NASA to test giant Mars parachute on Earth

Jun 01, 2014 by Alicia Chang
This undated image provided by NASA shows a saucer-shaped test vehicle holding equipment for landing large payloads on Mars in the Missile Assembly Building at the U.S Navy's Pacific Missile Range Facility at Kekaha on the island of Kaua'i in Hawaii. The vehicle, part of the Low Density Supersonic Decelerator project, will test an inflatable decelerator and a parachute at high altitudes and speeds over the Pacific Missile Range scheduled for June 1, 2014. (AP Photo/NASA)

The skies off the Hawaiian island of Kauai will be a stand-in for Mars as NASA prepares to launch a saucer-shaped vehicle in an experimental flight designed to land heavy loads on the red planet.

For decades, robotic landers and rovers have hitched a ride to Earth's planetary neighbor using the same parachute design. But NASA needs a bigger and stronger parachute if it wants to send astronauts there.

Weather permitting, the space agency will conduct a test flight Tuesday high in Earth's atmosphere that's supposed to simulate the thin Martian air.

Cameras rigged aboard the vehicle will capture the action as it accelerates to four times the speed of sound and falls back to Earth. Viewers with an Internet connection can follow along live.

Engineers cautioned that they may not succeed on the first try.

"As long as I get data, I'll be very happy," said project manager Mark Adler of the NASA Jet Propulsion Laboratory.

The search for a way to land massive payloads on Mars predates the existence of NASA. Back then, engineers toyed with sending a winged spacecraft that would land like an airplane, but the idea was not feasible, space historians say.

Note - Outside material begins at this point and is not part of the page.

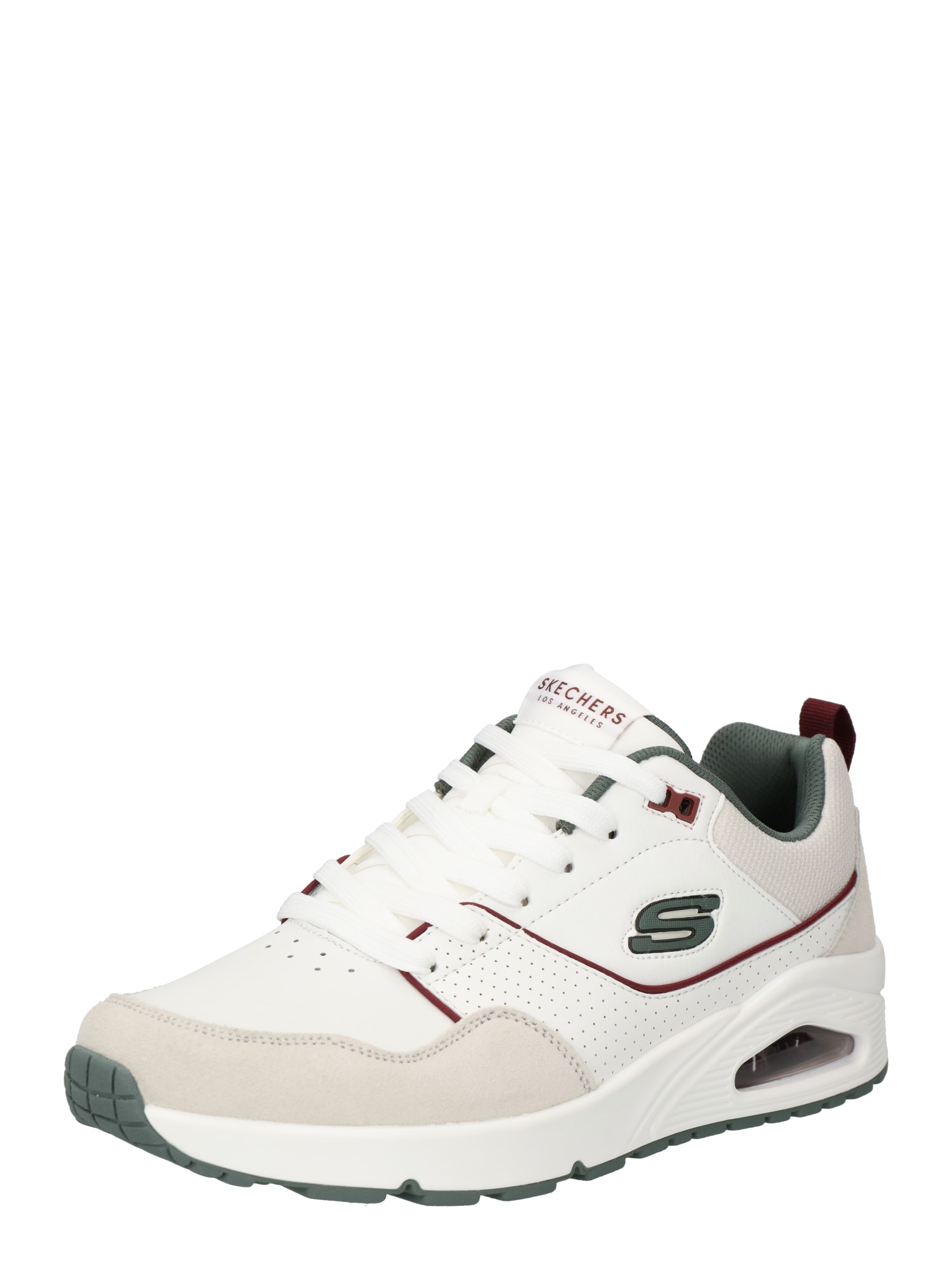 SKECHERS Matalavartiset tennarit 'Uno - Retro One' beigenharmaa / vihreä / tummanpunainen / valkoinen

Landing has always been "one of the big technology challenges for a human Mars mission," American University space policy professor Howard McCurdy said in an email.

This April 23, 2014 image provided by NASA shows NASA's saucer-shaped experimental flight vehicle being prepared for a Range Compatibility Test at the at the U.S Navy's Pacific Missile Range Facility at Kekaha on the island of Kaua'i in Hawaii. The vehicle, part of the Low Density Supersonic Decelerator project, will test an inflatable decelerator and a parachute at high altitudes and speeds over the Pacific Missile Range scheduled for June 1, 2014. (AP Photo/NASA)

When the twin Viking landers became the first spacecraft to set down on Mars in 1976, they relied on parachutes to slow down after punching through the Martian atmosphere. The basic design has been used since including during the Curiosity rover's hair-raising landing in 2012.

With plans to land heavier spacecraft and eventually humans, NASA needed a heftier solution. So it designed a supersonic parachute that's 110 feet (33.5 meters) in diameter—twice as big as the one that carried the 1-ton Curiosity. It's so gigantic that it can't fit into the wind tunnels that NASA typically uses to test parachutes.

Since it's impractical to test unproven technology on Mars, NASA looked to Earth as a substitute.

During the flight, a high-flying balloon will loft the disc-shaped vehicle from the U.S. Navy's Pacific Missile Range Facility in Kauai to 23 miles (37 kilometers) over the Pacific where it will be dropped. Then it will fire its rocket motor to climb to 34 miles (55 kilometers), accelerating to Mach 4. The environment at this altitude is similar to Mars' thin atmosphere.

As it descends to Earth, a tube around the vehicle should inflate, slowing it down. Then the parachute should pop out, guiding the vehicle to a gentle splashdown in the Pacific.

This April 17, 2014 image provided by NASA shows workmen unloading a saucer-shaped test vehicle for NASA's Low-Density Supersonic Decelerator (LDSD) project, at the U.S Navy's Pacific Missile Range Facility at Kekaha on the island of Kaua'i in Hawaii. The engineering test flight of this vehicle is scheduled for June 1, 2014. The saucer will be boosted to high altitudes via balloon and rocket, before releasing an inflatable doughnut-shaped tube and an enormous supersonic parachute—possible landing technologies for future Mars missions.(AP Photo/NASA)

Robert Braun, space technology professor at Georgia Institute of Technology, called the project a "high-risk, high-reward effort."

The latest test program "is advancing capabilities and creating the engineering knowledge needed for the next generation of Mars landers," Braun, who served as NASA's technology chief, said in an email.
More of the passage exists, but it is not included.